- Data provided

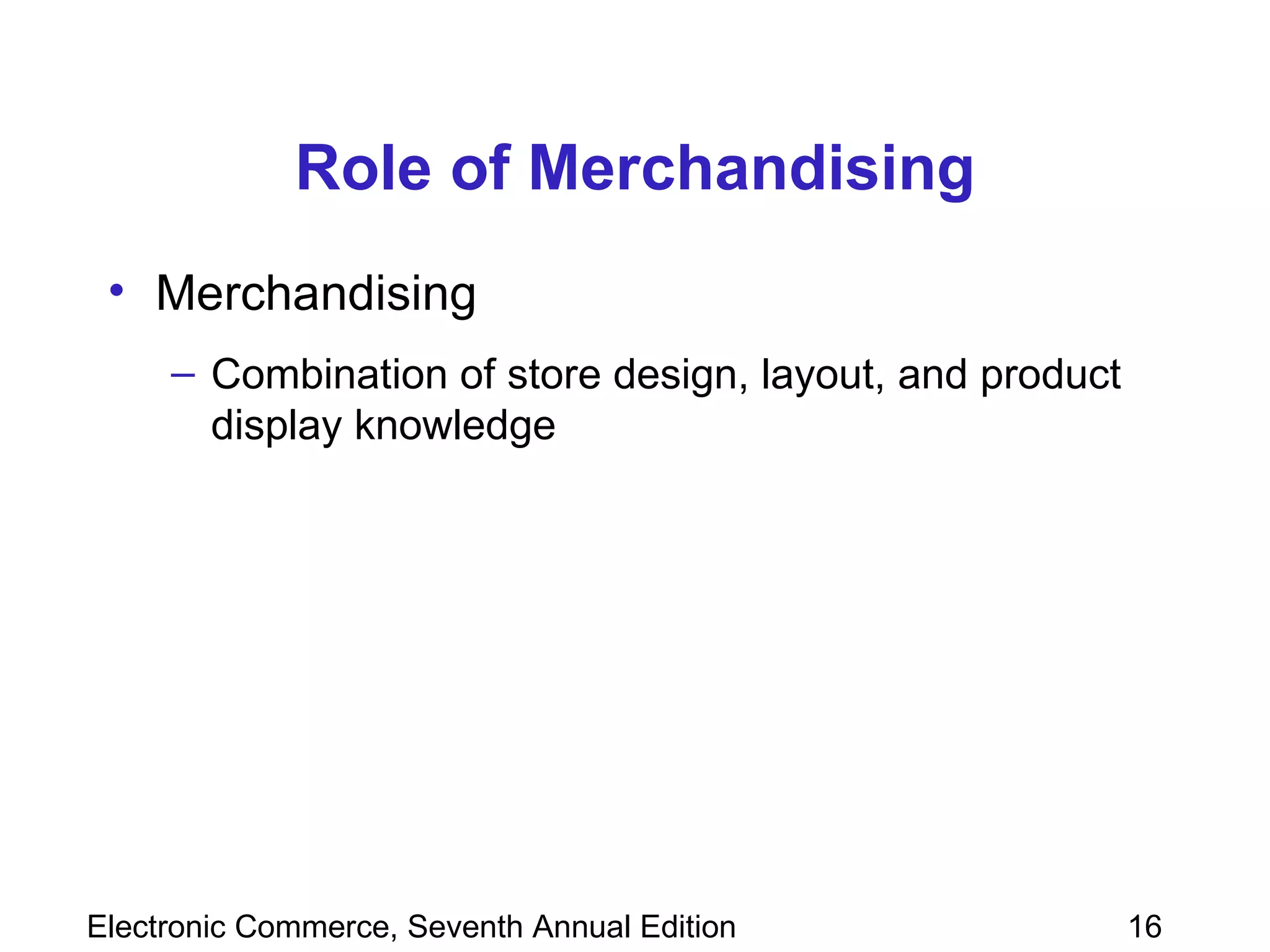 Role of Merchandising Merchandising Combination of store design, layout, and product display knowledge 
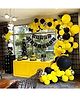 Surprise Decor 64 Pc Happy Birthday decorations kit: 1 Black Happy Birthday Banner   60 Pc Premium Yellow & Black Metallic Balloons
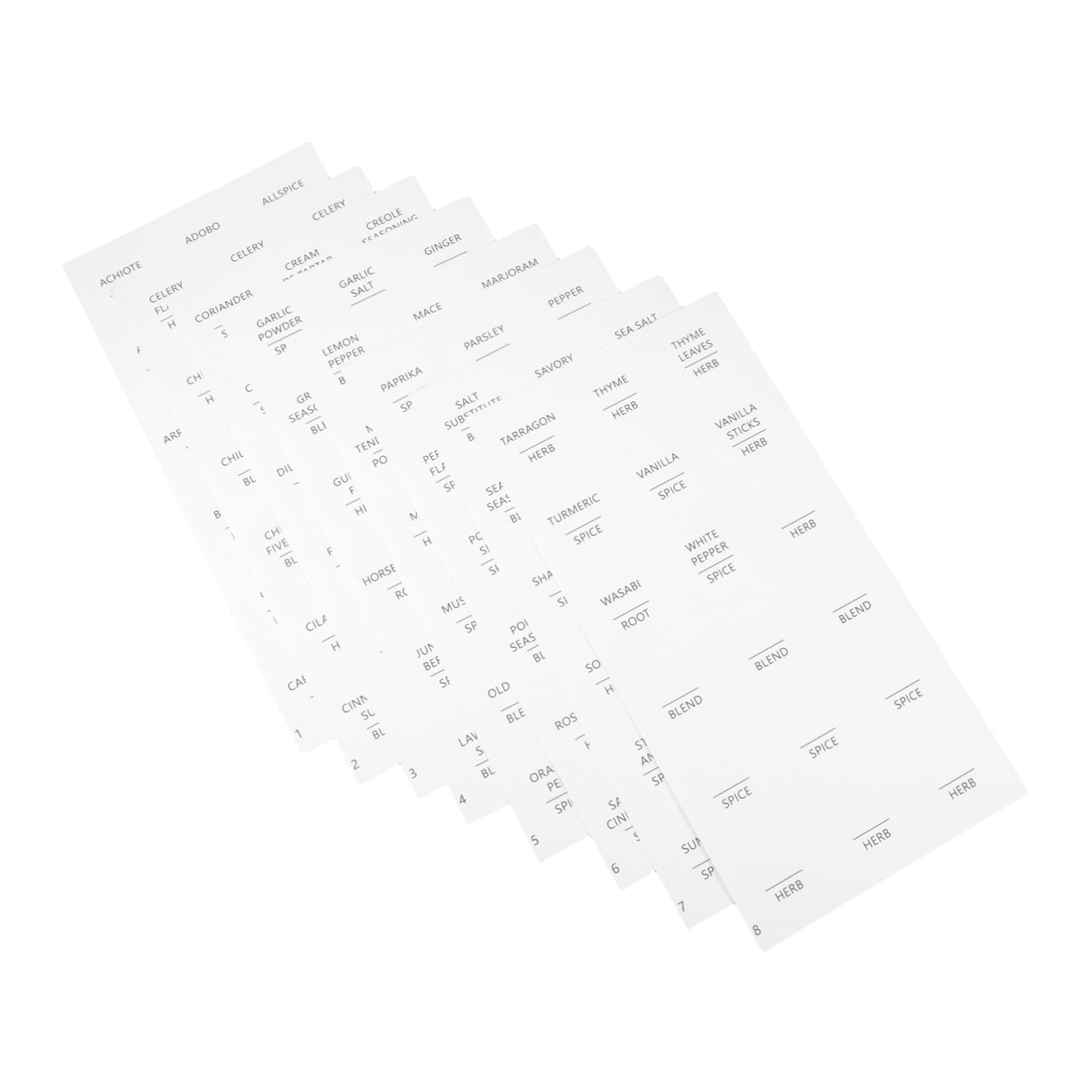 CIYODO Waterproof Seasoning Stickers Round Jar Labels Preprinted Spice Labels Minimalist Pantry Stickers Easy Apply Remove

- Problem
Should there be pictures in the data, leave them out and return the rest exactly.

- Solution to the problem
 Role of Merchandising Merchandising Combination of store design, layout, and product display knowledge 
 Surprise Decor 64 Pc Happy Birthday decorations kit: 1 Black Happy Birthday Banner   60 Pc Premium Yellow & Black Metallic Balloons
 CIYODO Waterproof Seasoning Stickers Round Jar Labels Preprinted Spice Labels Minimalist Pantry Stickers Easy Apply Remove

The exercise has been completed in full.